Conductor Documentation

WRCP Plugin

Introduction

This plugin has two main capabilities: Discover and manage existing Wind River Cloud Platform (WRCP) installations and make new WRCP installations. For management we can discover system controllers and subclouds, upgrade kubernetes, upgrade trident, certificate audit and “upload and apply” patch and WRA management. For the installation capabilities, this plugin has the ability to provision a fully working WRCP installation for AIO-SX and AIO-DX configurations.

NOTE:

WRCP Management

Each item on the following list is materialized as a workflow in the plugin.

Prerequisites

All stories require that you provide secrets for the following values:

You are free to change the names of the secrets, however, you must provide the secret names in the deployment inputs when enrolling a new system.

Node Types

cloudify.nodes.starlingx.WRCP This node represents a WRCP System. A system can be a System Controller, Standalone system, or a Subcloud.

Properties

Runtime Properties:

Labels

The following are possible for a WRCP system deployment:

Sites

During installation the plugin requests a system’s location (latitude and longitude) from the StarlingX API, and creates a Site in Conductor. You can see sites’ location on the map on the Dashboard screen.

discover_and_deploy

This workflow discovers and deploys subclouds. The steps followed are listed next.

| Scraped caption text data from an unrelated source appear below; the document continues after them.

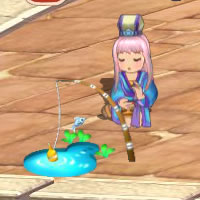 画像ギャラリー No.009のサムネイル画像 / 「幻想三国志WEB」,各武将が獲得しやすくなる探索アップイベントを開始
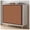 Brown, variant on Sliding door folding door, folding doors for wardrobes with handle, closet door curtain aluminum frame for bedroom, bathroom, office, kitchen
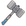 Corps' Hammer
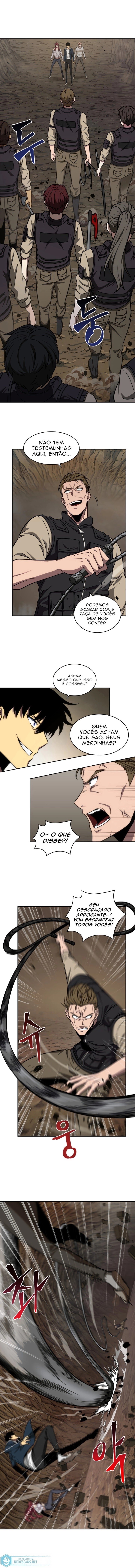 Página 7 do Capítulo 249
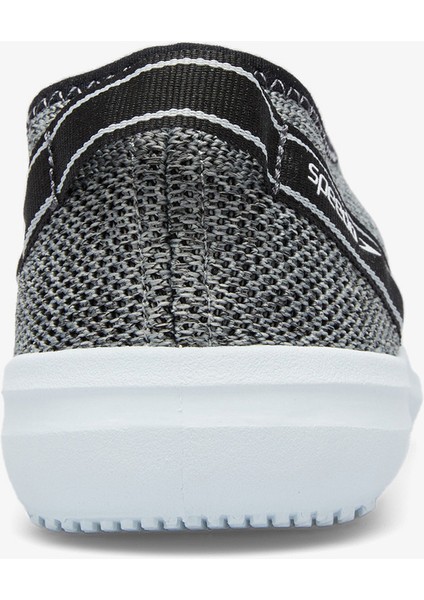 Surfknit Pro Watershoe Am Erkek Gri Deniz Ayakkabısı.- fiyatları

  1. Checks if there are discovered subclouds using the “Discover Subclouds” workflow, then gets the controller node instance, and uses the parent deployment’s capabilities to get auth data.

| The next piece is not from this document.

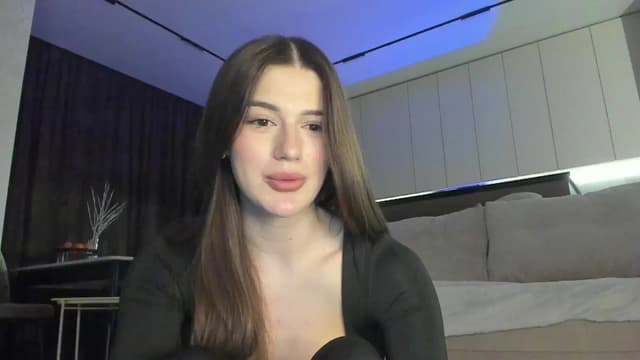 Gallery image thumbnail from Sonyx's myfreecams stream on, 02/24/2025, 16:49 image 3 of 20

  2. Checks if the deployment_id passed from the workflow is valid and if there are 2 subclouds or more in the controller node instance runtime properties. If not, raises an Exception.

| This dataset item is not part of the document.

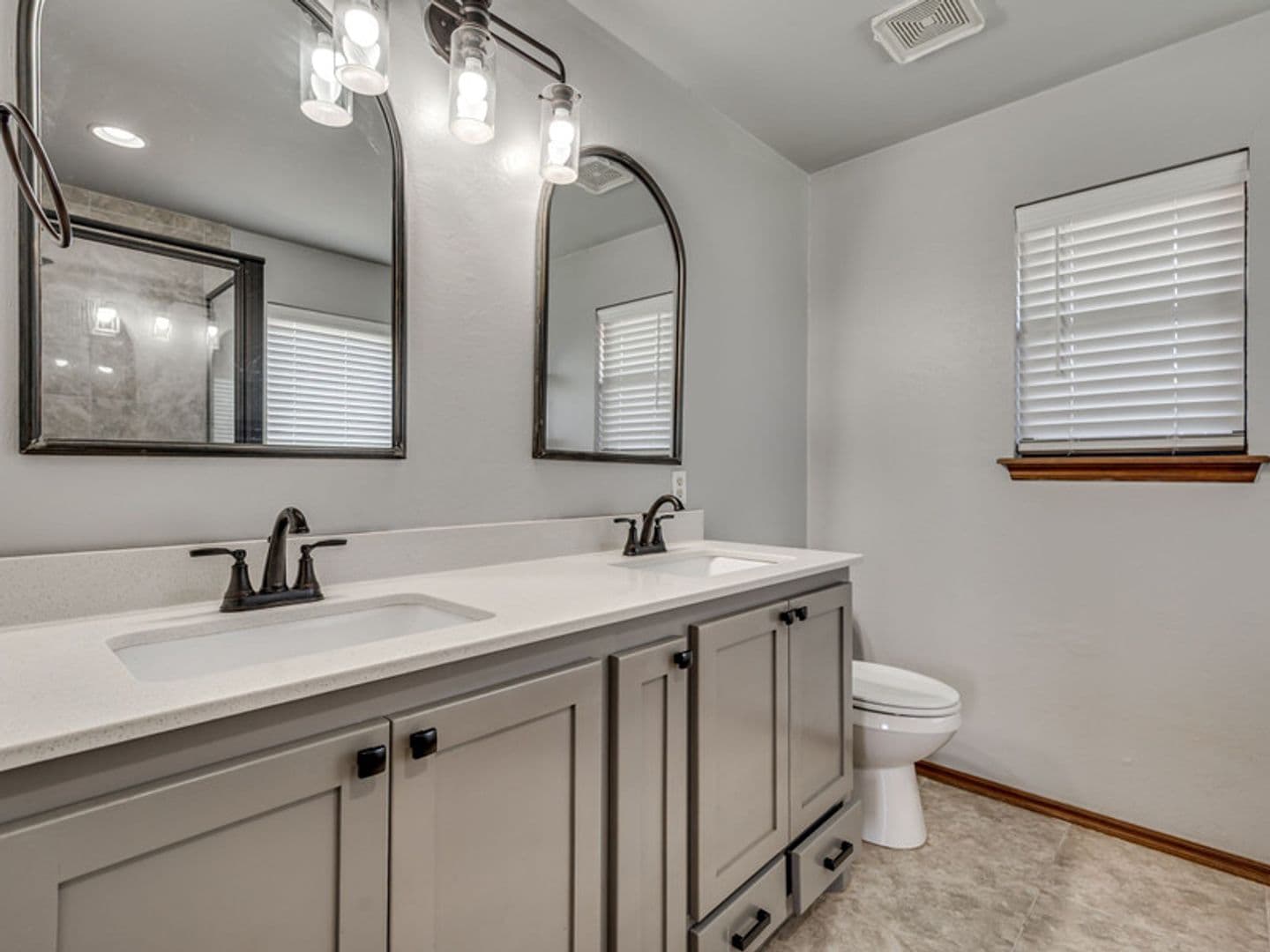 1905 SE 17th Street 12 of 23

  3. Then, for each of the subclouds, checks if the subcloud has already been discovered and deployed. If not, checks if the address of the subcloud is ipv4 or ipv6, formats and dict of “inputs”, adds the labels, adds the id of each of the deployments to a list, as the inputs and labels.

  4. To complete, calls deploy_subclouds with the data gathered in the previous step.

upload_and_apply_patch ##

Workflow to install patches. It includes the following steps:

Parameters:

      type_names:
        default: []
        description: |
          Type names for which the workflow will execute the update operation.
          By default the operation will execute for nodes of type
          cloudify.nodes.starlingx.WRCP
      node_ids:
        default: []
        description: |
          Node template IDs for which the workflow will execute the update
          operation
      node_instance_ids:
        default: []
        description: |
          Node instance IDs for which the workflow will execute the update
          operation
      patch_dir:
        default: ''
        description: |
          The path to a directory on the manager where the patches are located.
          The patches will be uploaded and applied.
      max_parallel_subclouds:
        default: 1
        description: |
          The maximum number of workers within a subcloud to update in
          parallel
      stop_on_failure:
        default: True
        description: |
          Flag to indicate if the update should stop
          updating additional subclouds if a failure
          is encountered
      subcloud_apply_type:
        default: 'serial'
        description: |
          The apply type for the update. serial or parallel
      strategy_action:
        default: 'apply'
        description: |
          Perform an action on the update strategy.
          Valid values are: apply, or abort
      apply_patches:
        type: boolean
        default: True
        description: |
          Flag to indicate if the patches should be applied.
          When the flag is force also update will be skipped
      install_patches:
        type: boolean
        default: True
        description: |
          Flag to indicate if the patches should be installed.
      check_status:
        type: boolean
        default: True
        description: |
          Flag to indicate if status of installation should be checked.

check_update_status

Checking status of strategy steps and update labels if failed/complete.

Parameters:

      type_names:
        default: [ ]
        description: |
          Type names for which the workflow will execute the update
          check_update_status operation.
          By default the operation will execute for nodes of type
          cloudify.nodes.starlingx.WRCP
      node_ids:
        default: [ ]
        description: |
          Node template IDs for which the workflow will execute the
          check_update_status operation
      node_instance_ids:
        default: [ ]
        description: |
          Node instance IDs for which the workflow will execute the
          check_update_status operation

refresh_status

Workflow starts check_update_status on each subcloud.

Parameters:

      type_names:
        default: []
        description: |
          Type names for which the workflow will execute the refresh_status operation.
          By default the operation will execute for nodes of type
          cloudify.nodes.starlingx.WRCP
      node_ids:
        default: []
        description: |
          Node template IDs for which the workflow will execute the refresh_status
          operation
      node_instance_ids:
        default: []
        description: |
          Node instance IDs for which the workflow will execute the refresh_status
          operation

Upgrade

ATTENTION: Before start workflow make sure that below files does not exist on controller-0. These will be automatically copied from the load installed during the upgrade.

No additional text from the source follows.